Starting next week, Apple will roll out major changes to the App Store that will effect how — and how much — you’ll pay for some of your favorite apps.
In a rare interview ahead of next week’s Worldwide Developers Conference, Apple VP of Marketing Phil Schiller talked about the company’s “renewed focus and energy” on the App Store. He also outlined key changes that will be unveiled during Apple’s WWDC keynote on June 13 in San Francisco.
Among the many changes coming to the App Store are search ads for apps, better revenue-sharing for developers, and new incentives for app makers to switch to subscription-based models.
More App Store subscriptions
Apple plans to open subscriptions to all apps. In the past, the iPhone maker only allowed apps for news, cloud services, dating and streaming to offer a subscription that’s billed automatically through iTunes.

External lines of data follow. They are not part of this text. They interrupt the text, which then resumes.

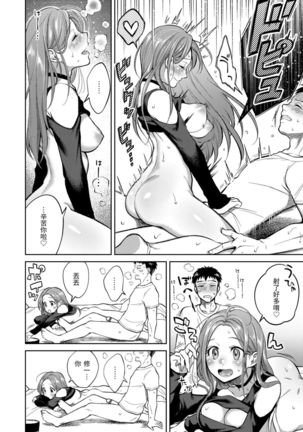 Nenmaku | 黏膜 Page #57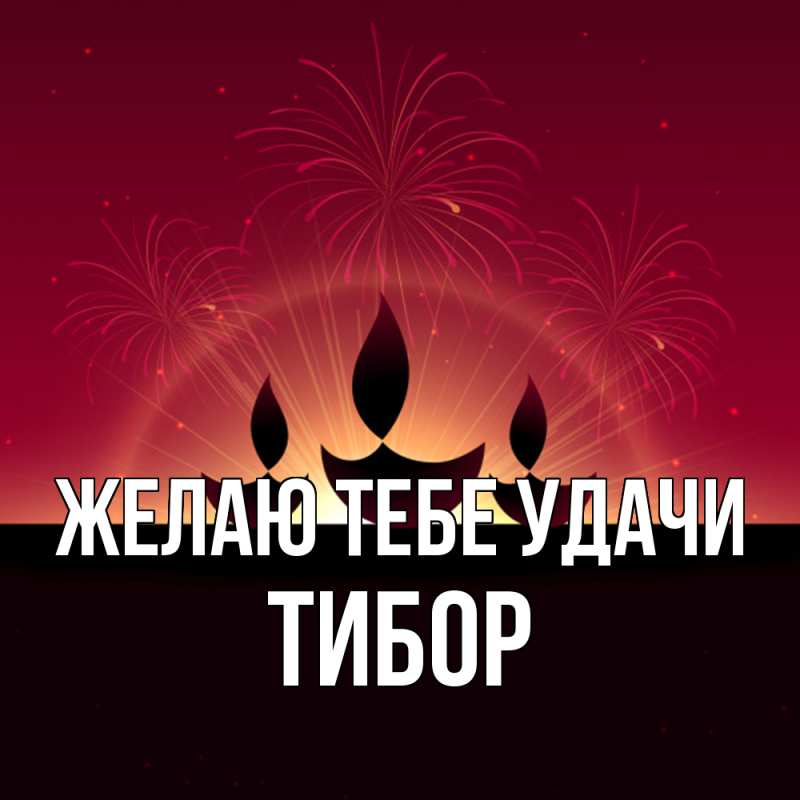 Картинка Желаю тебе удачи, Тибор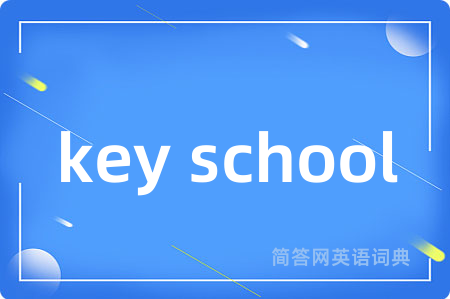 key school是什么意思,key school的中文翻译 key school
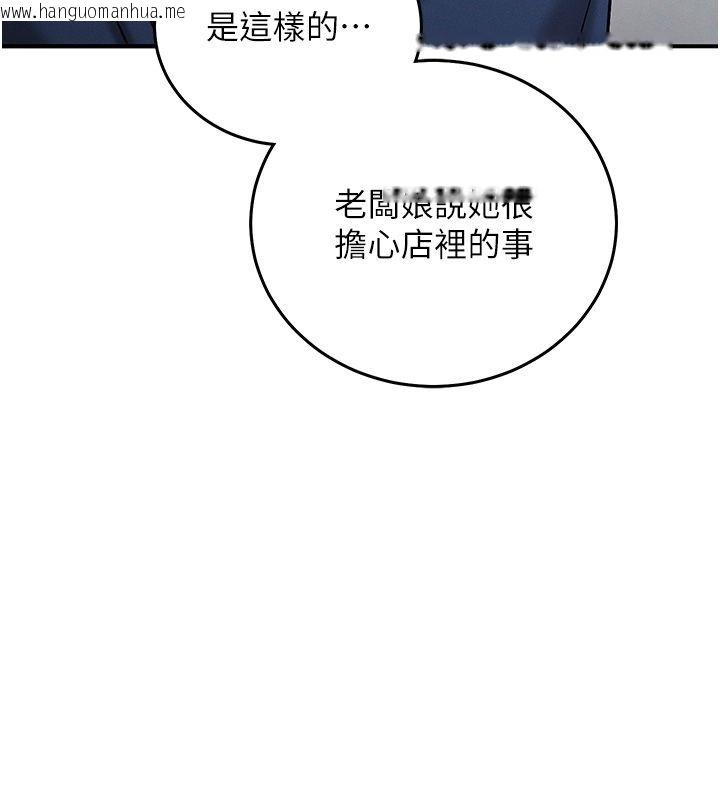韩国漫画催眠偷心计韩漫_催眠偷心计-第26话-等待新猎物上钩在线免费阅读-韩国漫画-第125张图片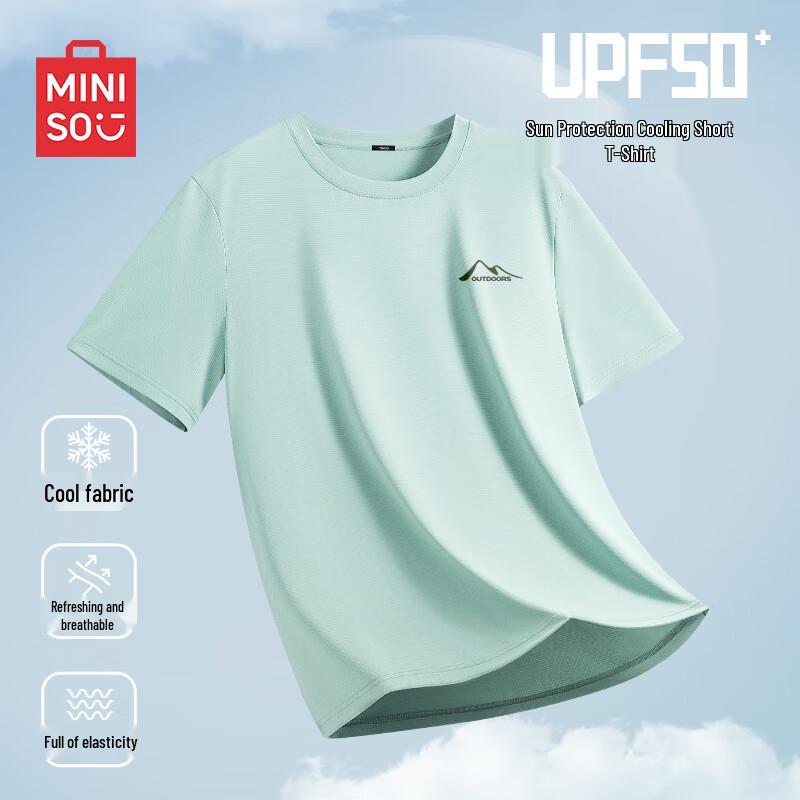 MINISO Men's Ice Silk Sun Protection Short Sleeve T-Shirt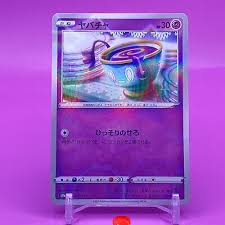 Sinistea TCG Pokemon Card Game Japanese Japan Nintendo Anime F/S a | eBay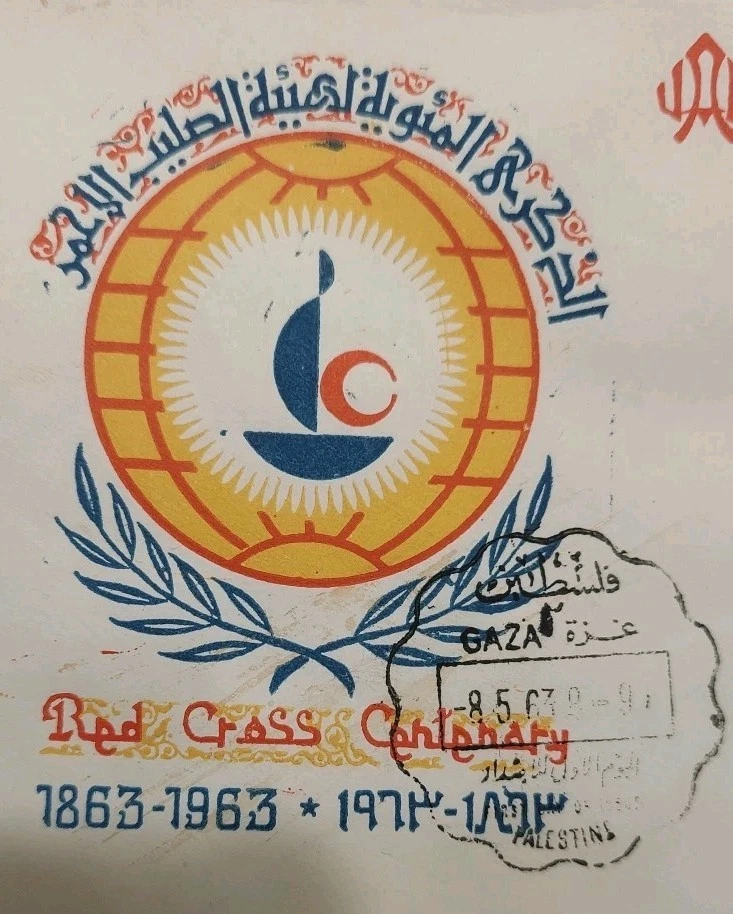 1963 PALESTINE GAZA EGYPT MANDATE RED CROSS CRESCENT SET 2 STAMP FIRST DAY COVER - Image 2 of 4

“Now we’re going to open up to all categories,” Phil Schiller told The Verge, “and that includes games, which is a huge category.”
Part of the plan to get developers to push subscriptions involves Apple finally loosening its stranglehold on its 70/30 revenue split. After the changes take effect, if developers maintain a customer for more than 12 months, Apple will drop its take down to 15 percent, giving developers a small pay raise.
The extra revenue generated from subscriptions will be great for Apple and indie developers, which have been calling for changes for years, claiming it’s difficult to run a sustainable business under the current setup.
Bad news for iPhone and iPad owners?
iPhone users may not like the changes quite as much. After being fed free apps for years, the cost to keep the best apps on your iPhone and iPad will raise considerably. Even $1 monthly subscriptions for a couple favorite games, productivity apps, news apps, photography apps, fitness apps and more will quickly add up to a sizable monthly bill many users might not be willing to pay.
To make consumers happy, Schiller revealed Apple has built in some protections, like the ability to opt out of a subscription if the price is raised and a revamped App Store interface to manage subscriptions.
“We’re trying to protect the customer from surprises in pricing,” Schiller said.
Here come the App Store ads
Internally dubbed “Subscriptions 2.0,” the revamped revenue model isn’t expected to roll out until this fall, when the company also plans to unleash search ads for apps in App Store search results. The company resisted paid ads for years, but Schiller says the time is right.
“We’ve thought about how to carefully do it in a way that, first and foremost, customers will be happy with,” Schiller said, claiming the ad auction system will be “fair for indie developers too.”
Full details of the changes will be revealed next Monday during Apple’s WWDC keynote at the Bill Graham Civic Auditorium in San Francisco. Apple will also announce iOS 10, OS X 10.12, watchOS 3.0, tvOS 10, a Siri SDK and a lot more. Cult of Mac will be on hand to liveblog the entire event, so you’ll get to enjoy the Apple mania with us next week.
10 responses to “Apple is making huge changes to how much you’ll pay for apps”
I like the older model of ad-supported or paid app model. I don’t like the pay-to-play games. I lament that the app industry has moved to the “freemim” model. I am not against subscriptions. I subscribe to Netflix, and Spotify. Music and movies are very compelling content. I don’t have any other app installed compelling enough to entice me to pay a subscription for.
If I’m too cheap to pay monthly fees for games on any other (and better quality gaming) platform, then you can bet I’m too cheap to pay monthly for mobile games, iOS or otherwise…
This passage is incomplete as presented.